**Dataset section:**
═══

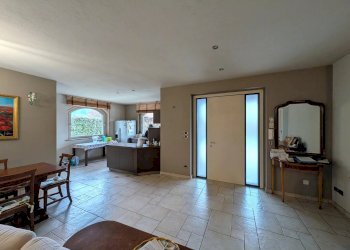 Villa Via Marchesi di Busca, Busca - foto 15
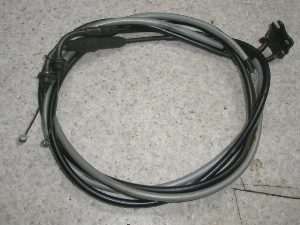 r[m50/ Vino  ANZC[ 5AU-1350
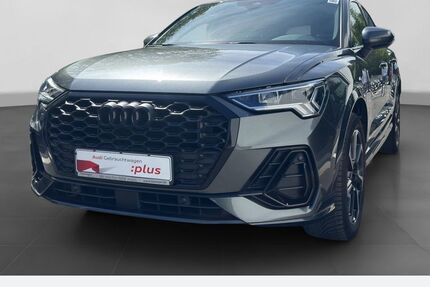 Audi Q3 57.999 km 37.480 &euro; Gelsenkirchen 45894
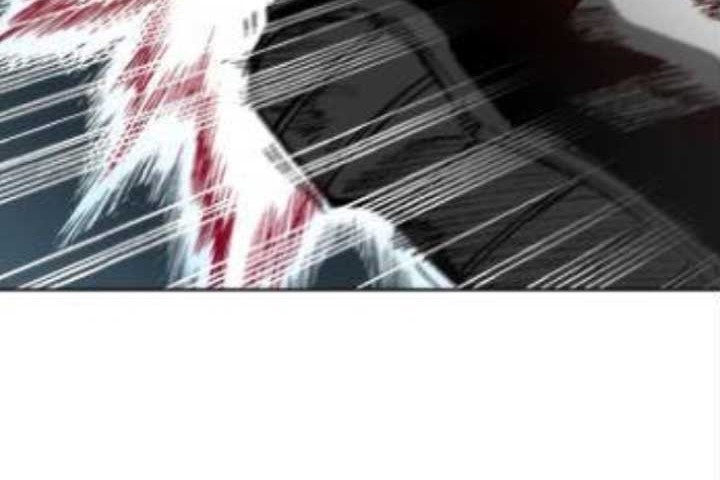 Memoir Of The King Of War Chapter 98 Gambar 60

═══

Omit the pictures, and quote the material above exactly as given.

 Villa Via Marchesi di Busca, Busca - foto 15
 r[m50/ Vino  ANZC[ 5AU-1350
 Audi Q3 57.999 km 37.480 &euro; Gelsenkirchen 45894
 Memoir Of The King Of War Chapter 98 Gambar 60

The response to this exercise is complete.